The Pop Group makes a triumphant return

News   2024-12-20 11:16:33

Often cited as pioneers of the late-’70s and early-’80s post-punk scene, The Pop Group emerged from the U.K. in 1977; its artistic peak occurred during the early days of the Thatcher administration, her politics providing the kindle for the cantankerous act’s formidable powder keg. The band bristled with a kinetic verve, with tracks such as the epochal “We Are All Prostitutes” and “She Is Beyond Good And Evil” providing a no-wave blueprint mined by myriad acts, including The Birthday Party, Minutemen, Sonic Youth, and Swans.
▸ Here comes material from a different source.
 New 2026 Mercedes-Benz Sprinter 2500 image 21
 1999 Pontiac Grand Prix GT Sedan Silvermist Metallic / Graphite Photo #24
Remarkably, more than 30 years after the group’s dissolution, it hasn’t lost a step, returning with the superb Citizen Zombie.

The band’s innate chemistry is palpable throughout the album, as frontman Mark Stewart’s vitriolic political bile is complemented adroitly by the act’s classic lineup, composed of bassist Dan Catsis, drummer Bruce Smith, and multi-instrumentalist Gareth Sager. They’re lent a hand by producer Paul Epworth (Primal Scream, The Rapture, Adele), who thankfully never clutters the arrangements. His touches are more than welcome, retaining the act’s signature volatility while lending it a tasteful sheen, enabling it to hit a sweet spot between its nascent days and recent incendiary live shows.

The record kicks off with the braying cacophony of title track “Citizen Zombie,” as Stewart admonishes, “You’ve got that brainwashed look of an alien abductee / Maybe your mind has been wiped clean,” over the abrasive scrape of Sager’s guitar and the clarion wail of a wall of synths, which combine with the lyrics in an effort to rattle the listener to the marrow and compel them to feel something. The staccato surge of “Mad Truth” follows in quick succession, completing a visceral one-two opening salvo, as Stewart urges, “Sister Freedom / It’s time to make a stand.” While Stewart’s proselytizing could easily veer into ham-fisted didactics, it instead inhabits a political zone akin to Dutch contemporaries The Ex and the aforementioned Minutemen, with his message never smothering the gestalt of the band.

Stewart shines on the jittery, Casio drone of “Nations,” which suggests “The Gift” by The Velvet Underground in its detached anomie, as he intones an acid-tongued screed a touch removed from the tagline of Trainspotting: “Choose a fucking big television / Choose a starter home.” The track concludes with Stewart abjectly confessing, “We’re all addicted to something / Money, sex, television…. I was contextualized in relation to these things.” It’s here that Stewart best realizes his manifesto—one of blunt, overarching societal analyses blurring into a technophobia—a conceit eerily similar to the U.K. television series Black Mirror.

The Pop Group has long been ahead of the curve, and Citizen Zombie is commensurate with its early work in both songcraft and self-aware lyricism. The band may castigate the apathy endemic to the masses, but it doesn’t wallow. It instead throbs, bristles, and ultimately galvanizes, vividly documenting what’s been lost in our comfortably numb political complacency while brazenly providing a template for what can be done to re-gain it.